Analysis of deep complex‐valued convolutional neural networks for MRI reconstruction and phase‐focused applicationsElizabeth K. Cole, Joseph Y. Cheng, John M. Pauly et al.|Magnetic Resonance in Medicine|2021 PURPOSE: Deep learning has had success with MRI reconstruction, but previously published works use real-valued networks. The few works which have tried complex-valued networks have not fully assessed their impact on phase. Therefore, the purpose of this work is to fully investigate end-to-end complex-valued convolutional neural networks (CNNs) for accelerated MRI reconstruction and in several phase-based applications in comparison to 2-channel real-valued networks. METHODS: Several complex-valued activation functions for MRI reconstruction were implemented, and their performance was compared. Complex-valued convolution was implemented and tested on an unrolled network architecture and a U-Net-based architecture over a wide range of network widths and depths with knee, body, and phase-contrast datasets.
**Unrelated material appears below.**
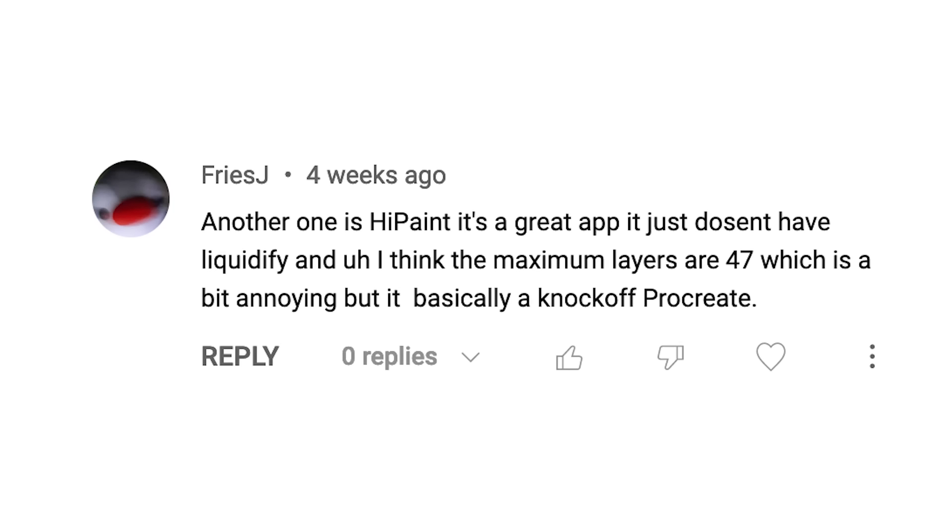Another one is HiPaint, it's a great app, doesn't have liquify, maximum 47 layers, basically a Procreate knockoff.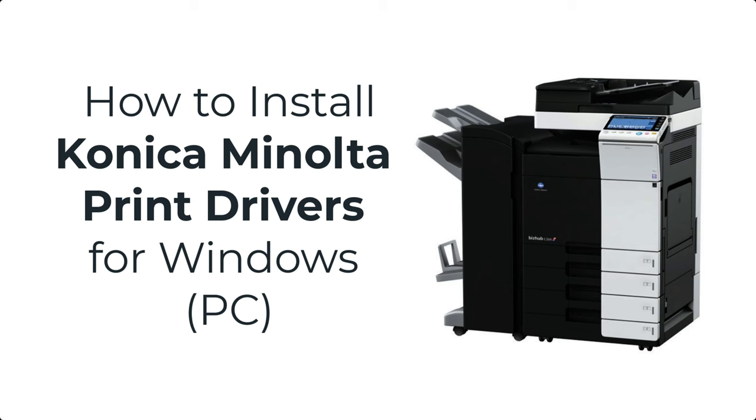In this video we're going to demonstrate one of the ways to install a Konica Minolta BizHub network printer driver on your PC. Parts of this video are sped up so feel free to pause at any time to take notes or follow along.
RESULTS: Quantitative and qualitative results demonstrated that complex-valued CNNs with complex-valued convolutions provided superior reconstructions compared to real-valued convolutions with the same number of trainable parameters for both an unrolled network architecture and a U-Net-based architecture, and for 3 different datasets. Complex-valued CNNs consistently had superior normalized RMS error, structural similarity index, and peak SNR compared to real-valued CNNs. CONCLUSION: Complex-valued CNNs can enable superior accelerated MRI reconstruction and phase-based applications such as fat-water separation, and flow quantification compared to real-valued convolutional neural networks.